(Dataset items)
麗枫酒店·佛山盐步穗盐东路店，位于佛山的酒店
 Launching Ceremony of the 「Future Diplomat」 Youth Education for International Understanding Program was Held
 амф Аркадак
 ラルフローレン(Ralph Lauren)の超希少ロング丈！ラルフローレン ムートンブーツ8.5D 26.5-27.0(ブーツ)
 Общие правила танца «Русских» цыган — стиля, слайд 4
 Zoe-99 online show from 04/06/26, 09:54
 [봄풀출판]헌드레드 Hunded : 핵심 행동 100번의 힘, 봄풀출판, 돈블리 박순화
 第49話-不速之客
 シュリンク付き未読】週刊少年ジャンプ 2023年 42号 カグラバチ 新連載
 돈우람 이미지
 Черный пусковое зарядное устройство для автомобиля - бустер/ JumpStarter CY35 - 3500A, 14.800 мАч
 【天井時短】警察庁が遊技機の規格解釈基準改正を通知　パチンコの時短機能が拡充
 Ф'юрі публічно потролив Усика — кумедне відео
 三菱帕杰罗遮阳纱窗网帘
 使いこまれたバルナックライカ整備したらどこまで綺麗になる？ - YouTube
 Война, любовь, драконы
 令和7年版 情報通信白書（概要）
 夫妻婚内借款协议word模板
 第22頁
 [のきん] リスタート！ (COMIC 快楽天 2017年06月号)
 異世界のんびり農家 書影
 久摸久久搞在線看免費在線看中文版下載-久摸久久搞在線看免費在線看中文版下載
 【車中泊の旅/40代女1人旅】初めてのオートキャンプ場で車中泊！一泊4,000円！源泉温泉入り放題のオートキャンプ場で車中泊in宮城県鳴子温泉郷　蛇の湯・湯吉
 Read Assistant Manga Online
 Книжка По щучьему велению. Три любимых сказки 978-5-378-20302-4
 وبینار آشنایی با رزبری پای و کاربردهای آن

EXERCISE GOAL —
Looking back over the data above, restate word for word the lines that begin at the line with "[봄풀출판]헌드레드 Hunded : 핵심" and end at the line with "久摸久久搞在線看免費在線看中文版下載-久摸久久搞在線看免費在線看中文版下載", inclusive.

RESULT FOR THIS TASK —
 [봄풀출판]헌드레드 Hunded : 핵심 행동 100번의 힘, 봄풀출판, 돈블리 박순화
 第49話-不速之客
 シュリンク付き未読】週刊少年ジャンプ 2023年 42号 カグラバチ 新連載
 돈우람 이미지
 Черный пусковое зарядное устройство для автомобиля - бустер/ JumpStarter CY35 - 3500A, 14.800 мАч
 【天井時短】警察庁が遊技機の規格解釈基準改正を通知　パチンコの時短機能が拡充
 Ф'юрі публічно потролив Усика — кумедне відео
 三菱帕杰罗遮阳纱窗网帘
 使いこまれたバルナックライカ整備したらどこまで綺麗になる？ - YouTube
 Война, любовь, драконы
 令和7年版 情報通信白書（概要）
 夫妻婚内借款协议word模板
 第22頁
 [のきん] リスタート！ (COMIC 快楽天 2017年06月号)
 異世界のんびり農家 書影
 久摸久久搞在線看免費在線看中文版下載-久摸久久搞在線看免費在線看中文版下載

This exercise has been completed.